Pettengill, Edwards and Schmitt (2006) compare the selections made by the professionals and the readers in The Wall Street Journal Dartboard Contest. They find that the selections of the professionals are significantly more profitable than the selections of the readers and argue that momentum investing is not a viable choice for individual investors. In this study, we investigate whether individual investors can benefit by mimicking investment choices of professionals as displayed in this contest. In order for individual investors to benefit from this information there must be discernable differences in the selections made by the readers and the pros. We examine a number of characteristics that have been shown to cause return differentials between securities, in general, and in momentum securities, in particular. If the selections of the pros and the readers differ with respect to these characteristics and these differences can explain the observed return differentials in the contest, then individual investors might be able to mimic the momentum investing of the pros. Because we find these characteristics do not explain the return differentials between the pros and the readers, we reject the proposition that individual investors can benefit by mimicking the momentum investing behaviors of the pros.

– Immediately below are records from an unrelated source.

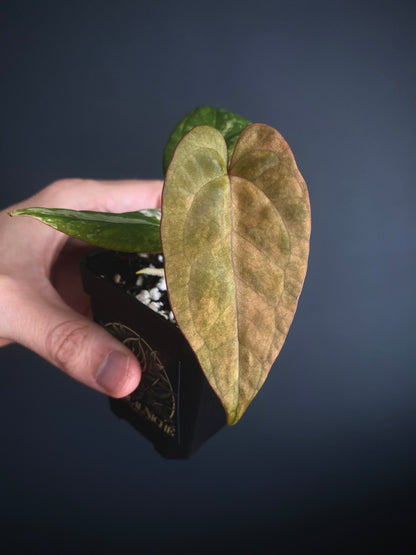 Anthurium Papillilaminum var X (Darkest Panama x X-one) | 7 cm pot [super-select]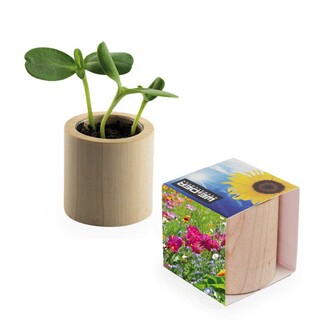 Pflanz-Holz rund mit Samen - Sommerblumenmischung, Lasergravur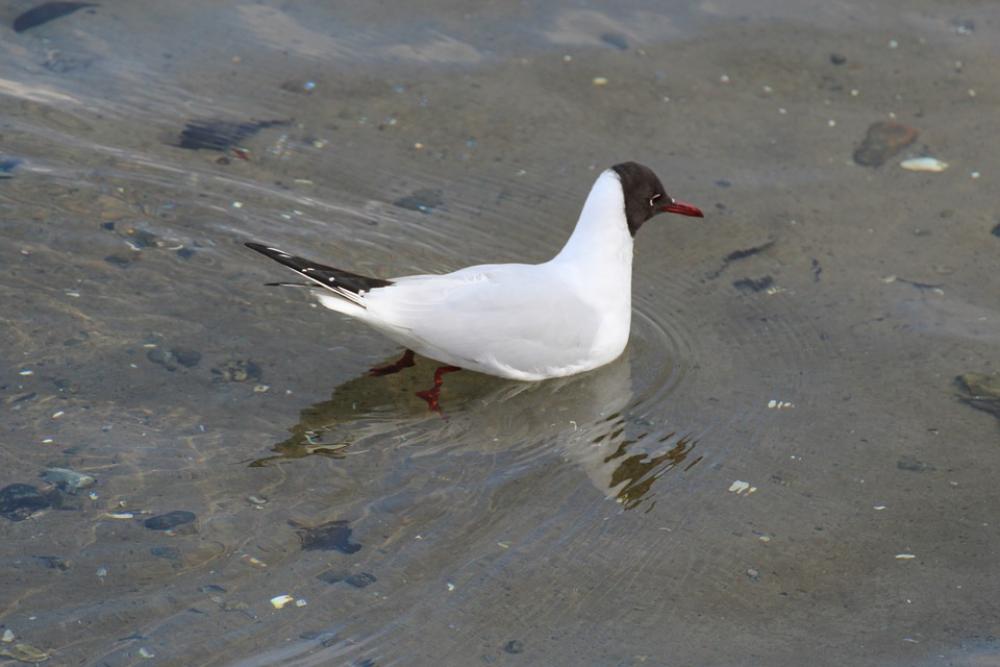 Black Headed Gull Chroicocephalus Ridibundus Birds Black Headed Gull Chroicocephalus Ridibundus Birds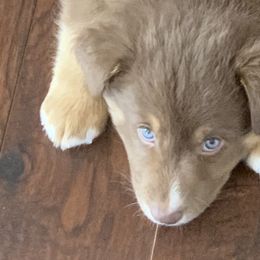 Australian Shepherds from Back 40 Aussies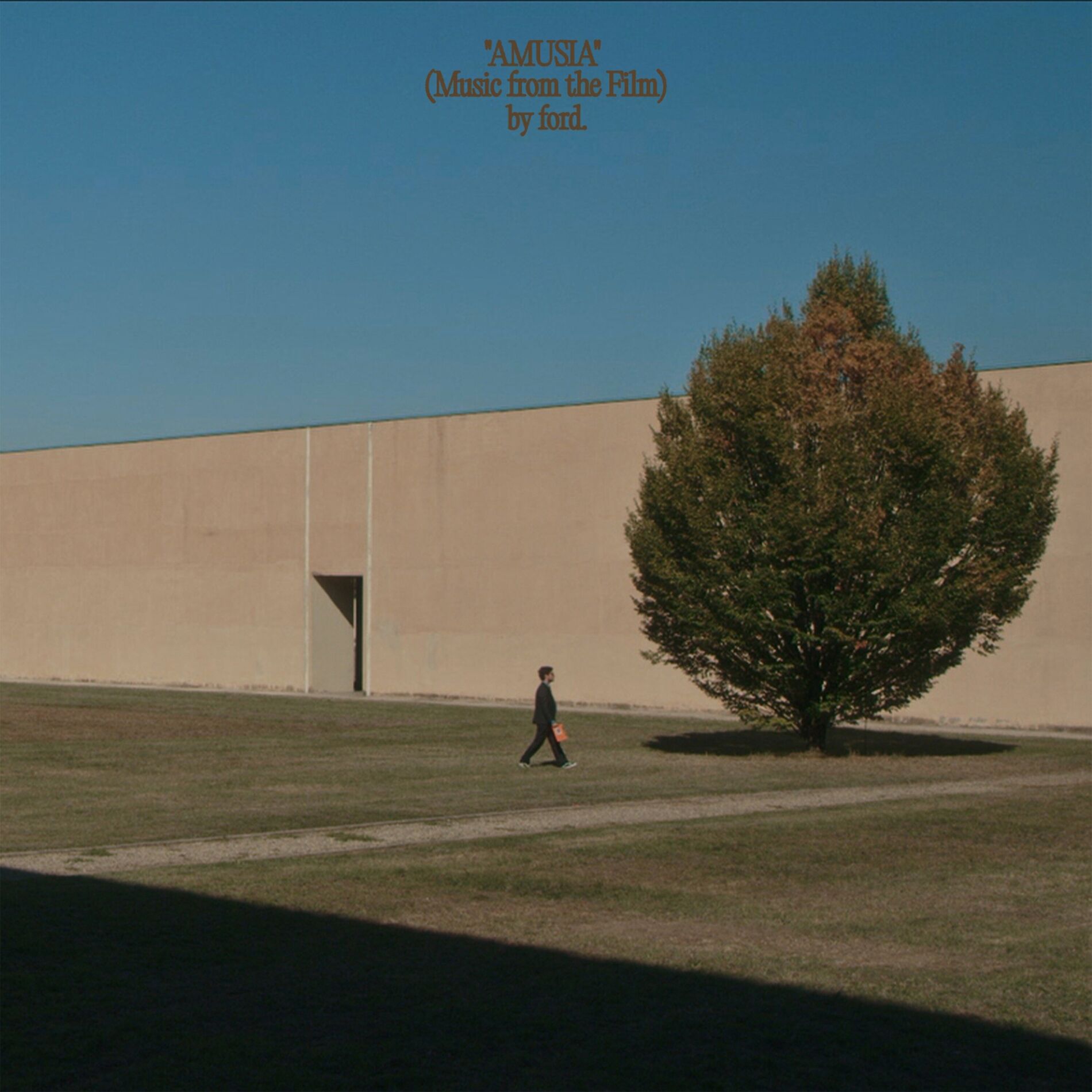Album cover of AMUSIA (Music From The Film)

© 2009 Academy of Financial Services. All rights reserved.

JEL classification: D82; G12; G14

Keywords: Momentum investing; Individual investors

1. Introduction

Since the seminal work of Jegadeesh and Titman (1993), a voluminous literature has demonstrated the existence of positive momentum across a wide variety of equity markets. Recent winners, as measured by returns in an intermediate pre-selection period, remain winners in a post-selection period. Winners repeat! Despite the size of this literature, the cause of momentum in security returns is uncertain;1 however, the prevalence of evidence in favor of the existence of return momentum has led to suggestions that investment strategies could be undertaken to profit from this phenomenon. For instance, Griffin, Ji and Martin (2005) state that implementation of a momentum strategy is worth the serious consideration of portfolio managers. Likewise, Chan, Jegadeesh and Lakonishok (1996) argue that momentum investing constitutes a distinct style of portfolio management.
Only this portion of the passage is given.